Period 6.1-6.7 Flashcards
(35 cards)
Transcontinental Railroad
Railroad spanning from the East to West coast that was built jointly by the Union Pacific (started in the East) and the Central Pacific. This promoted settlement on the Great Plains and linked the West to the East.
Homestead Act
Encouraged farming on the Great Plains by offering 160 acres of land free to any family that settled on it for a period of 5 years
National Grange Movement
Organized by Oliver Kelley as a social and educational organization for farmers and their families, later becoming active in economics and politics by lobbying and establishing cooperatives.
Dry Farming
Technique used on the Great Plains to make the most of the little moisture availible in the soil.
Turner’s Frontier Thesis
Influential essay written by Jackson Turner that presented the settling of the frontier as an evolutionary process of civilization.
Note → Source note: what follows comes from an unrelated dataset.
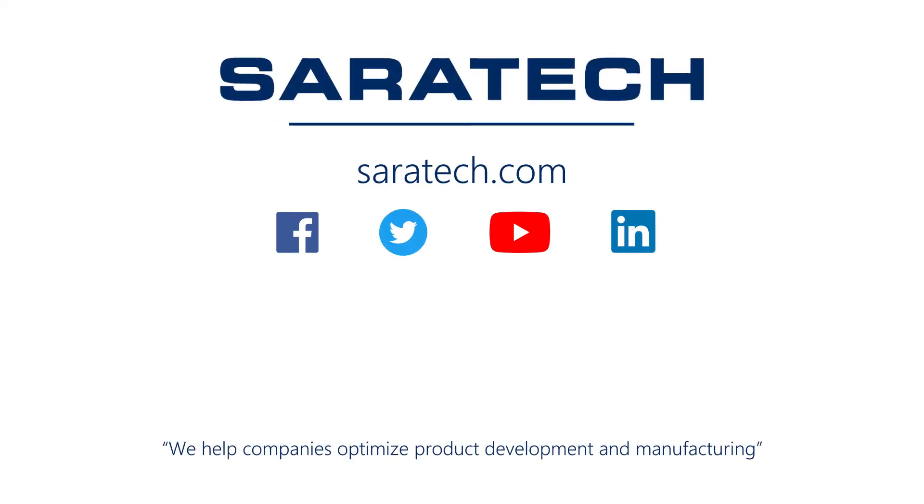Thanks for checking out our channel. If you like what you saw, make sure to like and subscribe down below so you don't miss out on any new videos. Follow us on LinkedIn, Facebook, and Twitter for the latest engineering news and information. And to see all of our upcoming events, please visit our website at saratec.com/events. We'll see you next time.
First came hunters, then farmers, then towns and cities.
Assimilation
The destruction of Native culture in favor of replacing it with a White one, in which reformers set up boarding schools to segregate Native children and teach them Farming and Industrial skills.
Dawes Severalty Act
Designed to break up tribal organizations, it divided tribal lands into plots based on family size and granted US citizenship to those who stayed on the land for 25 years and “adopted the habits of civilized life”
Little Big Horn
Ambush of U.S. troops serving under General George Custer by Sioux forces.
Ghost Dance
Spiritual movement that White settlers interpreted as a call for war, the US army was sent to prevent the Natives from the practice
Yosemite
State Park (later national) in California’s Yosemite Valley
Yellowstone
First national Park, located in Yellowstone.
Sharecropping
People who paid for the use of farmland with a share of the crop, this system kept many poor whites and recent freedmen in poverty
Tuskegee Institute
Place in Alabama where African American scientist George Washington Carver promoted growing crops such as peanuts, sweet potatoes, and soybeans. This shifted Southern Agriculture to a more diversified base.
Plessy v. Ferguson
Case in which the Supreme Court upheld a Louisiana Jim Crow law, spurring a wave of segregation laws in the South.
Jim Crow laws
Segregationist laws requiring “separate but equal” accommodations for Black and White citizens.
Literacy tests
Tests that required citizens to pass in order to vote, disproportionately affecting Black voters.
Poll taxes
Fees that had to be paid in order to vote, disproportionately affecting Black voters.
Grandfather clauses
Laws that gave a man the right to vote if his grandfather had voted in elections before Reconstruction, allowing poor, uneducated whites to circumnavigate Literacy tests and Poll taxes while disenfranchising freedmen.
Lynch mobs
Mobs that would murder Black Americans, terrorizing or threatening them with the intent of preventing freedmen from voting or exercising other civil rights.
Bessemer Process
Process developed by both Henry Bessemer in England and William Kelly in the US that created steel out of iron. The Great Lakes region had abundant coal reserves and access to iron ore, making it the center of steel production.
Electric light
Invention by Thomas Edison’s laboratory that revolutionized people’s lives, especially in cities. Edison became a mythic figure.
Consumer economy
Shift in America towards shopping and consumerism made possible by urbanization and advances in transportation and storage
US Steel
Corporation sold by Carnegie to Morgan and was the first billion-dollar company. It became the largest enterprise in the world and controlled more than three fifths of the nation’s steel.
Standard Oil
Trust company founded by John D. Rockefeller that controlled 90 percent of the oil refinery business and became a monopoly.